El proyecto europeo, heredero de la historia colonial, inevitablemente tenderá a enseñarle las pantorrillas al fascismo con cierta periodicidad, a desplazar su marco ideológico a la derechita en cuanto encuentre un resquicio, a creerse la pantomima histórica de la cuna de la civilización, toda esa leyenda de mármoles blancos y espadones sagrados que, por estética que sea, es una justificación legendaria para tratar al resto de la humanidad como bárbaros a los que mirar por encima de la frontera. Esa es la inercia que debe combatirse sin descanso, ese es el proyecto político que, irónicamente, salvará Europa de sí misma y podrá afianzar sus cimientos, si es que tal cosa es deseable.
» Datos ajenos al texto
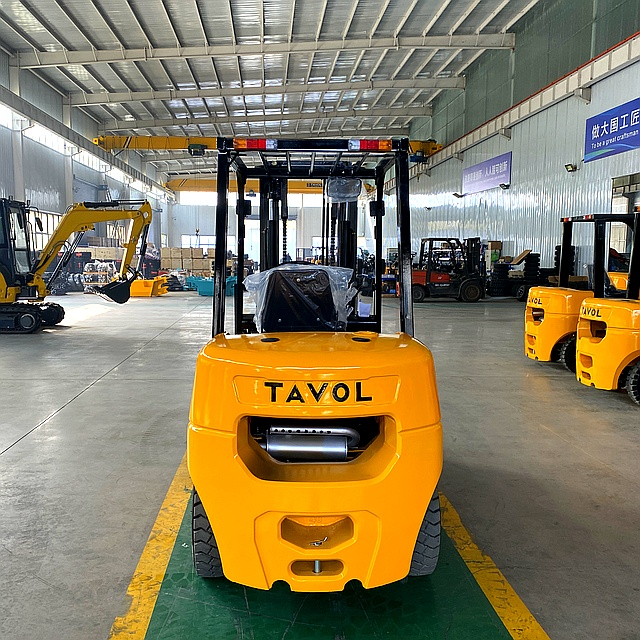 4 Ton Diesel Forklift CPCD40 - Tavol Group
El enemigo no es Mohamed, es el fondo buitre que no dudará en echarte en cuanto le salgan las cuentas y decida que el portal en el que vives es apto para vivienda turísitica. El enemigo no es Jabari, es el campechano que alienta guerras que tienen lugar a una distancia prudencial, las que están lo suficientemente lejos como para fantasear con su épica pero no oler sus muertos. El enemigo no es Deyanira, es la especiulación inmobiliaria que propicia que nuestros propios vecinos de la Unión Europea, alemanes, franceses, austríacos; colonicen ciudades y pueblos enteros y hagan sentir extranjeros a quienes nacieron allí, pienso en Málaga, Cádiz, Palma de Mallorca, Madrid, Barcelona o Sevilla.
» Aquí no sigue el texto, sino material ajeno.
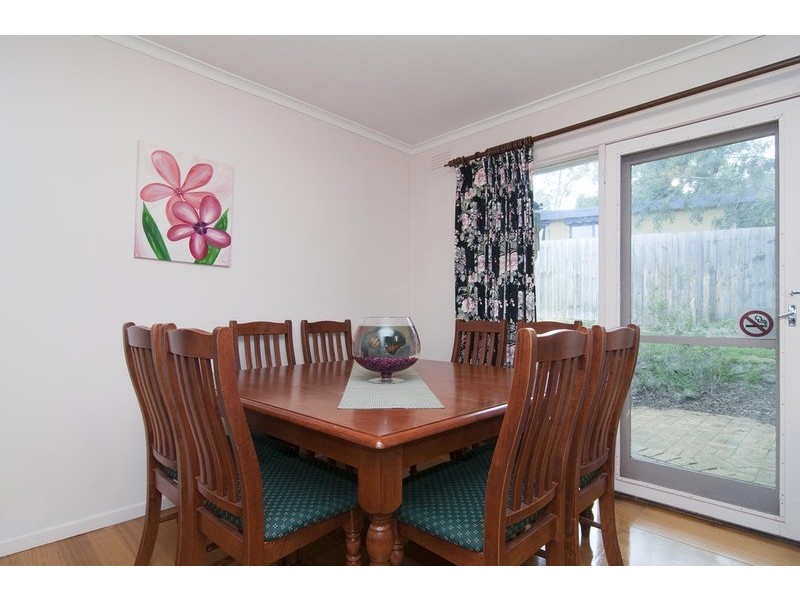 92 Lomond Avenue, Kilsyth VIC 3137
Los proyectos de ultraderecha, incluido el gurú de Telegram que busca la inmunidad, no van a tener piedad alguna cuando toque vender la plaza, barrio o pueblo que habitamos, la codicia siempre acaba alcanzando lugares impensables y eso no es otra cosa que la mentalidad colonial cuando deja de mirar hacia fuera y decide mirar hacia dentro. La bonanza económica prometida como el vellocino de oro no va a rozar a nadie que lo necesite de verdad. La persona que va a ponerte las cosas más difíciles es la que más grita que va a protegerte porque eres compatriota. El auge de la ultraderecha debe entenderse como un fenómeno cíclico que cambia de aspecto y se adapta a los tiempos que le tocan. En Europa es un mal endémico, autoinmune, crónico, algo que no puede perderse de vista, que no debe dejar de tratarse. ¿Acaso esa sea nuestra verdadera identidad, la de un Dr. Jekyll que debe mantener a raya a Mr. Hyde para no hacer arder el mundo?
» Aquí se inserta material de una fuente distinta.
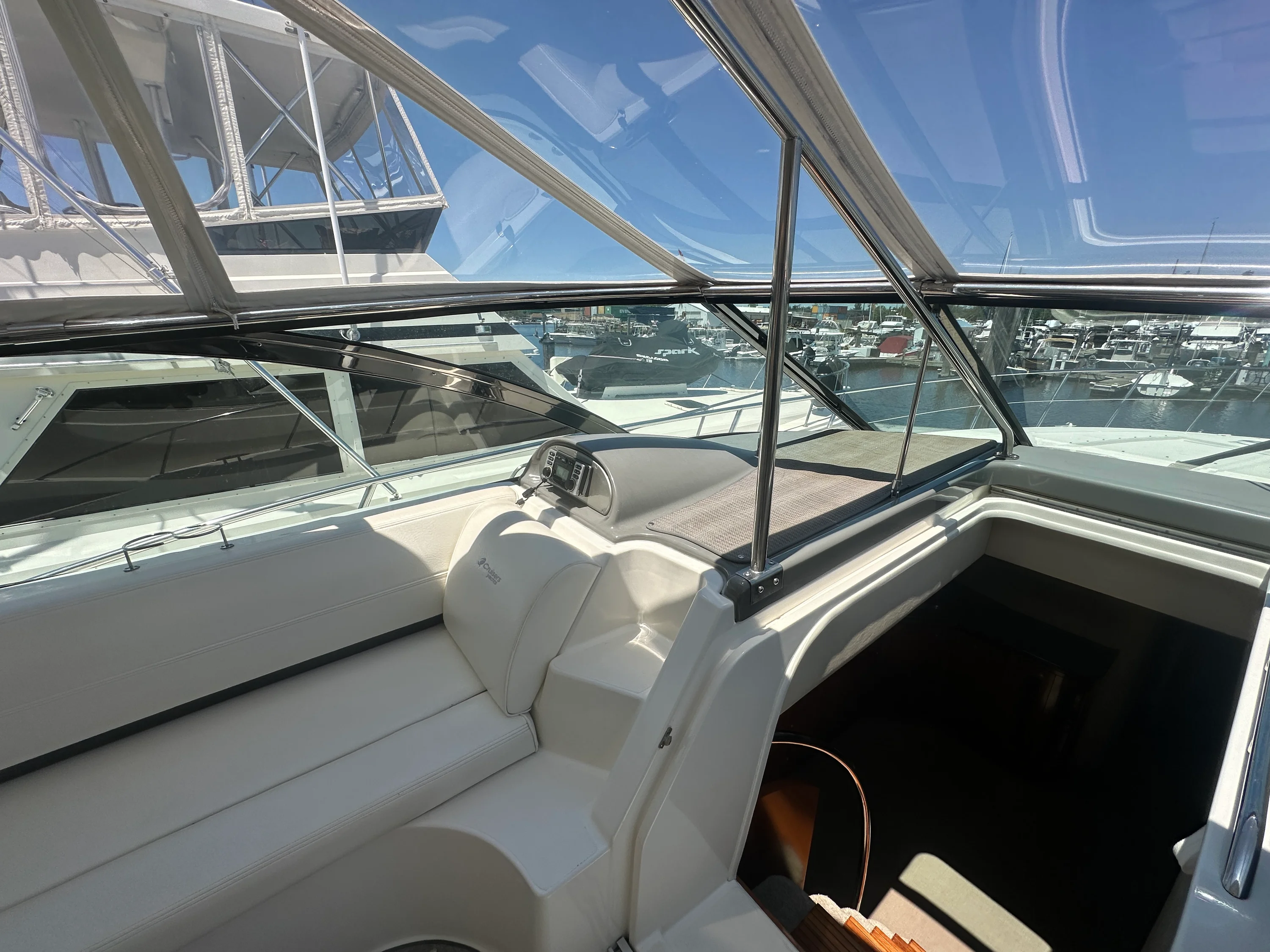 2007 Cruisers Yachts 520 EXPRESS Image Thumbnail #15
Estoy convencida de que esa intuición bondadosa y ese instinto de generosidad vigilante persiste, la victoria ultraderechista que no puede llamarse conquista es un buen ejemplo. Hay memoria.
Da la sensación, y esto vale para toda Europa, pero sobre todo para nuestra izquierda, de que hay unas brasas ardientes que solamente deben ser sopladas con la fuerza y habilidad justas. Quizá el caos de formaciones, caídas en desgracia, intentos, fracasos y disputas sea la entropía previa al ordenamiento de las partículas que de lugar al big ban de la izquierda española, también de la europea. Ojalá haya responsabilidad, altura política y personal para hacerlo. Las brasas son fuertes pero la llama se apaga y da miedo. La esperanza es lo último que se pierde, mientras, habla con tu vecina.